Wäre Gabriel damals in den Bundestagswahlkampf gegen Bundeskanzlerin Angela Merkel (CDU) gezogen, wäre seine politische Karriere bei einer Niederlage zerstört gewesen. Im Außenministerium erschien ihm die politische Überlebenschance offenbar größer. Es heißt, Schulz habe ihm damals sogar versprochen, bei einer GroKo-Neuauflage das Außenministerium behalten zu können. Ob es dieses Versprechen gab, ist unklar. Am Donnerstagabend macht Gabriel jedenfalls Andeutungen und der Parteiführung schwere Vorwürfe: „Was bleibt, ist eigentlich nur das Bedauern darüber, wie respektlos bei uns in der SPD der Umgang miteinander geworden ist und wie wenig ein gegebenes Wort noch zählt“, sagt Gabriel der Funke-Mediengruppe.

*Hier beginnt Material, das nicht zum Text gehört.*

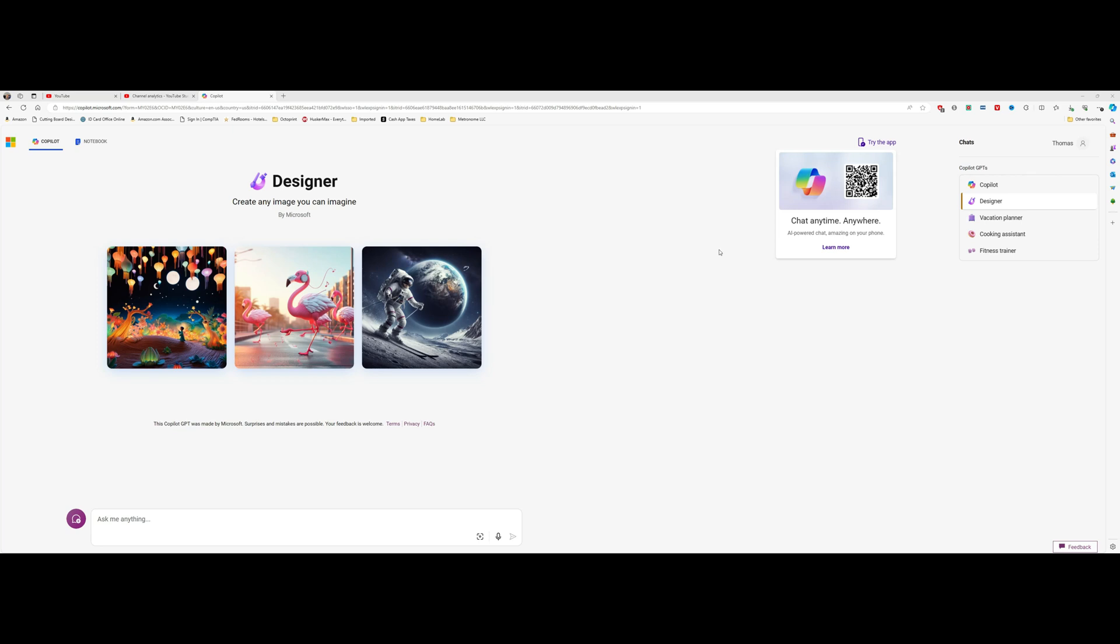This is Tom with TK Designs. Today I'm going to show you the process that I would use to implement v-carve inlay by designing the inlay using artificial intelligence. Specifically, I'm going to use the designer aspect of the free co-pilot app in the Microsoft Edge browser. So follow along if you'd like to learn this process.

Dabei hat Gabriel als Außenminister das erreicht, was ihm als Parteichef nie gelungen ist: Er ist in den Ranglisten der beliebtesten deutschen Politikern ganz oben gelandet. Und er hat sich trotz seiner undiplomatischen Außenpolitik selbst bei den Diplomaten im Auswärtigen Amt allerhöchsten Respekt erarbeitet. Nur das Zusammenspiel mit Schulz im Wahlkampf, das hat nicht funktioniert. Gabriel stahl ihm mit immer neuen Ideen die Show.
Gabriel sagt alles ab
Nach seiner Quasi-Entlassung durch Schulz sagte Gabriel am Donnerstag sofort alle Termine in seiner Funktion als Außenminister ab und zog sich in sein Haus in Goslar zurück. Bei einer Konferenz zum Kampf gegen die Terrormiliz „Islamischer Staat“(IS) und einem EU-Treffen ist er nächste Woche ebenso wenig dabei wie bei der Münchner Sicherheitskonferenz.

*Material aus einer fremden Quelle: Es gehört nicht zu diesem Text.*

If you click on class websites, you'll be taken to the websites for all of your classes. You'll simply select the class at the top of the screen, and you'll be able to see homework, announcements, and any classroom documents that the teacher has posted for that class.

Das neue Machtzentrum bilden die designierte Parteichefin Andrea Nahles und der als Vizekanzler und Finanzminister vorgesehene Olaf Scholz. Sie rieben sich beide an Gabriel – das spielt für das Verständnis der innerparteilichen Machtarithmetik eine wichtige Rolle. Gabriel sind alle Türen verbaut. Ein Weitermachen Gabriels als Außenminister sei in den Verhandlungen kein Thema gewesen, wird beteuert. Denn es sei klar gewesen, dass Schulz seinen Trostpreis, das Außenministerium, bekommen sollte. Der Goslarer wird nach einem Ausscheiden aus seinem Amt zunächst ganz normaler Abgeordneter sein – ohne Führungsfunktion. Einen Nebenjob hat er schon: Einen Lehrauftrag an der Uni Bonn.